Gross, een Jood die wegens een opleving van het antisemitisme in 1968 uit Polen vertrok en tegenwoordig lesgeeft aan de Universiteit van New York, is ervan overtuigd dat de Polen door kennis te nemen van de waarheid over Jedwabne uiteindelijk zullen afrekenen met de sprookjes over het verleden en in het reine kunnen komen met hun geweten. De discussie over het verleden werd na de val van het communisme in 1989 al voorzichtig in gang gezet, maar pas het verschijnen van ”Buren” lijkt echt iets te hebben losgemaakt.

„Gross heeft ons gedwongen onze denkbeelden over de opstelling van de Polen in de oorlog te wijzigen en dat is een onmiskenbare verdienste”, zegt de historicus Tomasz Szarota, die veel over de bezetting heeft geschreven.

Onderzoek
Het niet lang geleden opgerichte Instituut van Nationale Nagedachtenis is inmiddels zelf een onderzoek naar Jedwabne begonnen en is bezig getuigen te interviewen. Dit onderzoek kan leiden tot de berechting van nog levende betrokkenen.

In 1949 werden twaalf inwoners van Jedwabne wegens collaboratie met de nazi's na een slechts twee dagen durend proces veroordeeld tot gevangenisstraffen variërend van acht tot vijftien jaar. Een doodvonnis werd later omgezet.

„Ik zal er alles aan doen om ervoor te zorgen dat deze donkere bladzijde uit onze geschiedenis niet geheimgehouden wordt”, zei de voorzitter van het instituut, Leon Kienes, onlangs voor de Poolse radio. „Als Pool kan ik de schuld van wat er is gebeurd niet van me afschudden.”

Veel vragen zijn nog onbeantwoord. Volgens sommige historici van het instituut heeft Gross haastige conclusies getrokken, zonder bijvoorbeeld uit te zoeken in welke mate de dorpelingen door de Duitsers zijn gedwongen met hen samen te werken.

Een andere vraag luidt waarom het juist in Jedwabne is gebeurd, terwijl er geen aanwijzingen zijn dat daar al langer antisemitisme heerste.

Voordat Hitler de Sovjet-Unie de oorlog verklaarde, hadden de Sovjets het oosten van Polen in handen en er is gesuggereerd dat de inwoners van Jedwabne handelden uit wraak voor wat zij zagen als Joodse medeplichtigheid aan het Sovjetregime.

Wachten
De Organisatie van Veteranen en Onafhankelijkheidsstrijders vindt dat Kwasniewski moet wachten met het aanbieden van zijn excuses totdat de Poolse medeplichtigheid officieel is vastgesteld.
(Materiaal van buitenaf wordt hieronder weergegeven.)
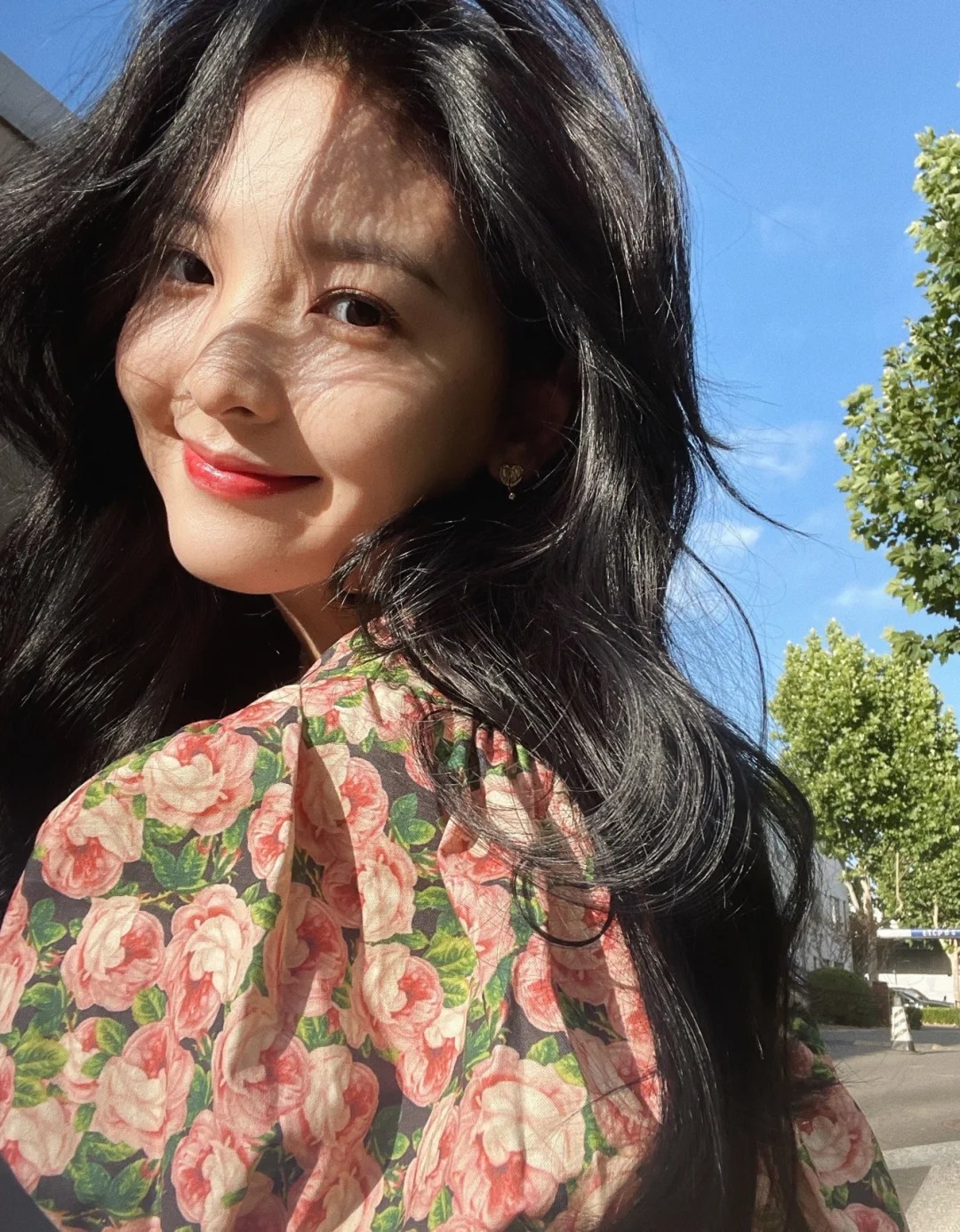 “初恋女友”章若楠，把浪漫繁花都穿在身上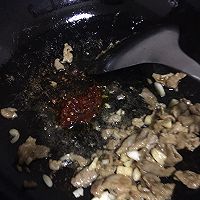 #刘畊宏女孩减脂饮食#花菜炒肉的做法图解5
En een comité dat is gevormd om de reputatie van Jedwabne te verdedigen, heeft het boek van Gross bevooroordeeld en onvolledig genoemd.

„Er moet niets aan het monument veranderd worden”, zegt de pastoor van Jedwabne, Edward Orlowski. „De Duitsers hebben die mensen ertoe gedwongen. Het waren voor een groot deel vandalen, maar die heb je in elke samenleving. Waarom moet alles nu weer worden opgehaald? Waarom moeten de spoken uit het verleden worden vrijgelaten?”